Uit Wikipedia, de vrije encyclopedie
Eoliet uit Frankrijk. Oorspronkelijk geïdentificeerd als een vroege klopsteen, in 1905 door Marcellin Boule aangetoond als van natuurlijke oorsprong.[1]

Een geofact (porte-manteau van "geologie" en "artefact") is een natuurlijk gevormde steen die moeilijk te onderscheiden is van een door de mens gemaakt artefact. Geofacten kunnen door rivieren worden gemodificeerd en daarna verkeerd worden geïnterpreteerd als een artefact, vooral in vergelijking met paleolithische stenen werktuigen.

Mogelijke voorbeelden zijn verschillende prominente oude artefacten, zoals de Venus van Berekhat Ram en de Venus van Tan-Tan. Deze worden door velen in de archeologische gemeenschap beschouwd als geofacten. Een site die een overvloed vertoont van wat waarschijnlijk geofacten zijn, is de Golf van Khambhat.
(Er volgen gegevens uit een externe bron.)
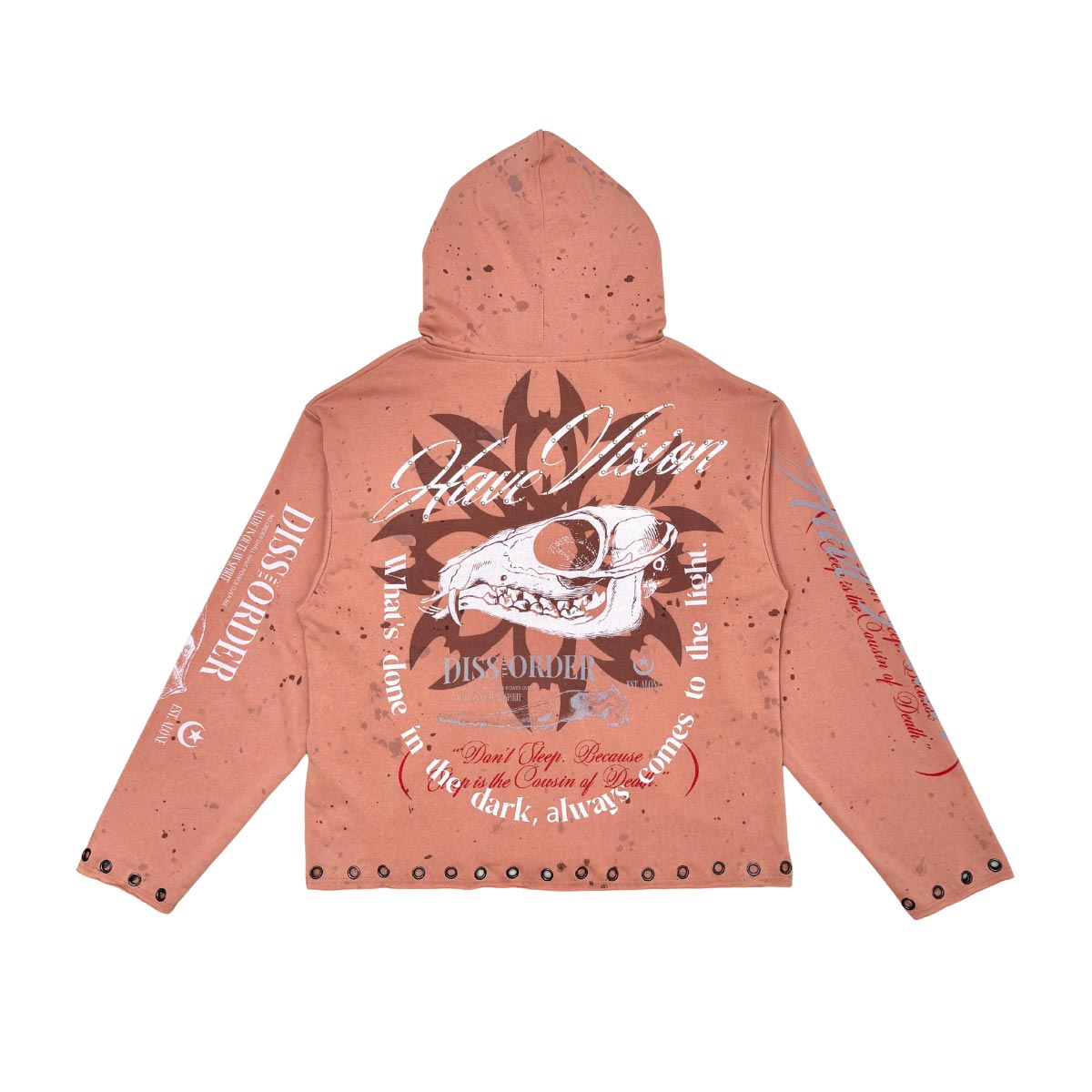 Don't sleep zip up hoodie by Dissorder | Modern Streetwear Hoodies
Hans-Peter Schulz[2] legde geofacten uit als multi-vormige rotsen die te vinden zijn terwijl archeologen echte artefacten proberen te vinden uit vroegere glaciale periodes. Glaciale perioden zoals het Eemien-interglaciaal en de Midden-Weichselien-glaciatie in Noord-Europa werden rotsen verplaatst, welke kleinere stenen vermaalden en versplinterden. De rotsbeweging creëerde soms stenen die leken op artefacten, maar in plaats daarvan slechts een product van glaciale werking zijn. Een ander element dat Schulz beschreef was de afwisseling van zoet en zout water tijdens de ijstijd, welke sedimentlocaties veranderde, zoals bij de Susiluola-grot in Finland. Zodra het ijs smolt, creëerde het sediment en het ijs markeringen op keien van artefact-formaat. Schulz verrichtte metingen om een geofact te onderscheiden, zoals de vafslaghoeken van een zandsteen of kwartsietrots met een limiet tussen 45 en 90 graden. Ook als de afslagplekken afgerond waren werden deze als geofacten beschouwd.